AI Is Different. The Last Wave Still Has a Job.
· 9 min read · By Jacques Jean
Most of us have learned to wait out the hype cycle.
For ten years, every eighteen months, somebody has walked in with a deck and told me this is the technology that changes everything. Web3. Blockchain. DAOs. Agentic coding pitched as autonomous startups. Real engineers, real money, real conferences, real failures. By the third or fourth round, you stop arguing and start waiting. You let the cycle run. You see what survives.
AI is the one I stopped waiting on.
Not because the marketing got better. Because the constraint actually moved.

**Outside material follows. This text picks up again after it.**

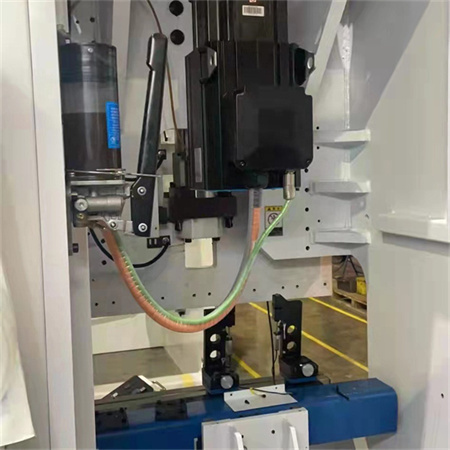 2019 hidraulični CNC stroj za savijanje lima korištena hidraulična preša kočnica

AI is the first technology in this run that earns the exception, and the reason is specific: it does not just route around gatekeepers, it does the work. The thesis of this post is simple. AI is a capability shift, not an access shift. Compute is no longer the bottleneck. We are. And the wave I just spent ten years being skeptical of still has a job to do.
Subtractive vs. additive technology
Look at what previous cycles did to compute.
Bitcoin and proof-of-work consumed it. ASICs got built and burned through electricity to write hashes nobody was going to read. GPUs got bought up by miners and pulled out of the market for everything else. The technology was subtractive. It took compute that could have been doing general-purpose work and converted it into a settlement guarantee. Useful in a narrow sense. But every dollar of demand made compute scarcer, more expensive, and harder to access for anyone trying to do something else with it.
AI is the inverse.
Every dollar of demand for AI pulls more compute into the world. TSMC books another fab. NVIDIA ships another generation. Hyperscalers commit hundreds of billions to data centers nobody had the financial appetite to fund three years ago. Power utilities are restarting nuclear plants for AI loads. Memphis, Northern Virginia, Phoenix, Abilene -- the AI buildout is reshaping the physical map of compute the way the railroads reshaped the physical map of the United States.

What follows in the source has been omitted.